The following is a quotation of 35 U.S.C. 112 (pre-AIA ), second paragraph:
The specification shall conclude with one or more claims particularly pointing out and distinctly claiming the subject matter which the applicant regards as his invention.
Claim 1-12 and 20 are rejected under 35 U.S.C. 112(b) or 35 U.S.C. 112 (pre-AIA ), second paragraph, as being indefinite for failing to particularly point out and distinctly claim the subject matter which the inventor or a joint inventor (or for applications subject to pre-AIA 35 U.S.C. 112, the applicant), regards as the invention. In this case, claim 1and 20 respectively recite “nanomaterial” and “nanosphere”, but one of ordinary skill in the art is uncertain what dimension or size of material or sphere can be considered as “nanomaterial” or nanosphere, such as 1-100 nm or 5-500 nm or 100-1000nm? Instant specification does not give a clear explanation what size of dimension of material or sphere being nanomaterial or nanosphere either. Therefore, such limitations render claim indefiniteness. All claim 1’s depending claims are rejected for similar reasons.
Claim 4-9 and 20 are rejected under 35 U.S.C. 112(b) or 35 U.S.C. 112 (pre-AIA ), second paragraph, as being indefinite for failing to particularly point out and distinctly claim the subject matter which the inventor or a joint inventor (or for applications subject to pre-AIA 35 U.S.C. 112, the applicant), regards as the invention. In this case, claim 4-9 and 20 recite chlorine content being at least 2% or not being greater than 50%, or recite the carbon content being at least 60%, or not greater than 99%, or recite the oxygen content being at least 1% or not greater than about 35% based on elemental analysis of the carbon-based nanomaterial, but such chlorine content, oxygen content and carbon content has no basis, such as being mol percentage, weight percentage of volume percentage. Therefore, such content(s) renders claim indefiniteness.
Claim Rejections - 35 USC § 102/103
In the event the determination of the status of the application as subject to AIA 35 U.S.C. 102 and 103 (or as subject to pre-AIA 35 U.S.C. 102 and 103) is incorrect, any correction of the statutory basis (i.e., changing from AIA to pre-AIA ) for the rejection will not be considered a new ground of rejection if the prior art relied upon, and the rationale supporting the rejection, would be the same under either status.

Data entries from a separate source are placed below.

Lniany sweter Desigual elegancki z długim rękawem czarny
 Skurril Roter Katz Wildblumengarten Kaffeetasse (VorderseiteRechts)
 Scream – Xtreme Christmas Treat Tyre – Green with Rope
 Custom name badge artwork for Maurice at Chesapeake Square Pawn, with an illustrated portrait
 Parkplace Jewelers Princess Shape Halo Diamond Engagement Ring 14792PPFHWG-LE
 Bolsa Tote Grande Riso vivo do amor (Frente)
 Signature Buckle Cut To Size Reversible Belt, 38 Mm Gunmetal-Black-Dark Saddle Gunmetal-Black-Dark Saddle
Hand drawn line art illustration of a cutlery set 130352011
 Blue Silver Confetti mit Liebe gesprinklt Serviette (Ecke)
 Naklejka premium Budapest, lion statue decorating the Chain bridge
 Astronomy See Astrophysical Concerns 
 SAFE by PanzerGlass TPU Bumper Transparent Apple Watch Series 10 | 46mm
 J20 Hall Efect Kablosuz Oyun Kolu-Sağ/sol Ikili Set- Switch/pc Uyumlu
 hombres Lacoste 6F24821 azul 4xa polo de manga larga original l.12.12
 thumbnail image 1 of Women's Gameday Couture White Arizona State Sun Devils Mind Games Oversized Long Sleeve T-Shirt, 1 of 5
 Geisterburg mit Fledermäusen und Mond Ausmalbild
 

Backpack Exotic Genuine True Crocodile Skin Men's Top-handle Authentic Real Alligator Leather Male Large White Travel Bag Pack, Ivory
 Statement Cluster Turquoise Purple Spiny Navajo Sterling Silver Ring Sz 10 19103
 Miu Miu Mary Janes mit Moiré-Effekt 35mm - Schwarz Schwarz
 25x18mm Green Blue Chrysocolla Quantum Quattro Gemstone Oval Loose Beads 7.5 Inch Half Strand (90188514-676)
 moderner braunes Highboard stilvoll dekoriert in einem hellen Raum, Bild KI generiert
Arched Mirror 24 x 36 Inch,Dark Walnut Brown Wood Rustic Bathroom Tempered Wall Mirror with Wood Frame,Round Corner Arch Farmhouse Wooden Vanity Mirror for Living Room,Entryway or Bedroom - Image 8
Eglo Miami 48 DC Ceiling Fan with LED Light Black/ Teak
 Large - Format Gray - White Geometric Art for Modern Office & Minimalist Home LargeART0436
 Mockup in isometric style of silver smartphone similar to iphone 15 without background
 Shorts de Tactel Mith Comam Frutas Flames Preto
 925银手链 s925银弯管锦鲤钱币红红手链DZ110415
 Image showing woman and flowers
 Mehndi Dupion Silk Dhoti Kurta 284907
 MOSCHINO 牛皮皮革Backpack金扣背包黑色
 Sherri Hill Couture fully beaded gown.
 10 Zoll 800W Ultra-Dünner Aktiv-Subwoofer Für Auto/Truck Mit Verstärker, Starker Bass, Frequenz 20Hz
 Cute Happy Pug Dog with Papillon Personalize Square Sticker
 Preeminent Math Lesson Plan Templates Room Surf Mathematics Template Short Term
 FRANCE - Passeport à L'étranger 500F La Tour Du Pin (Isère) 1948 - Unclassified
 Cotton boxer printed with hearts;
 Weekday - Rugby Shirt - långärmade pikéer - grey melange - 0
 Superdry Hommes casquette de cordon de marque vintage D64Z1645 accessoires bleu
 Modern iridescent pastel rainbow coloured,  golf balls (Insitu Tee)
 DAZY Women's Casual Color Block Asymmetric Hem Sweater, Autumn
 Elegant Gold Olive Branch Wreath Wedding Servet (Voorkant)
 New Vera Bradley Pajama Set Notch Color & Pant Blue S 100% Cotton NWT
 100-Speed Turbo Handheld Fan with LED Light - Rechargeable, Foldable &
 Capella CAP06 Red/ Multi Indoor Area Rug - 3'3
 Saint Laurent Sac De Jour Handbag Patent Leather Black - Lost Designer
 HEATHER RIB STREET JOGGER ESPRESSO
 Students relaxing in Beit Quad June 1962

The following is a quotation of the appropriate paragraphs of 35 U.S.C. 102 that form the basis for the rejections under this section made in this Office action:
A person shall be entitled to a patent unless –
(a)(1) the claimed invention was patented, described in a printed publication, or in public use, on sale, or otherwise available to the public before the effective filing date of the claimed invention.
The following is a quotation of 35 U.S.C. 103 which forms the basis for all obviousness rejections set forth in this Office action:
A patent for a claimed invention may not be obtained, notwithstanding that the claimed invention is not identically disclosed as set forth in section 102, if the differences between the claimed invention and the prior art are such that the claimed invention as a whole would have been obvious before the effective filing date of the claimed invention to a person having ordinary skill in the art to which the claimed invention pertains. Patentability shall not be negated by the manner in which the invention was made.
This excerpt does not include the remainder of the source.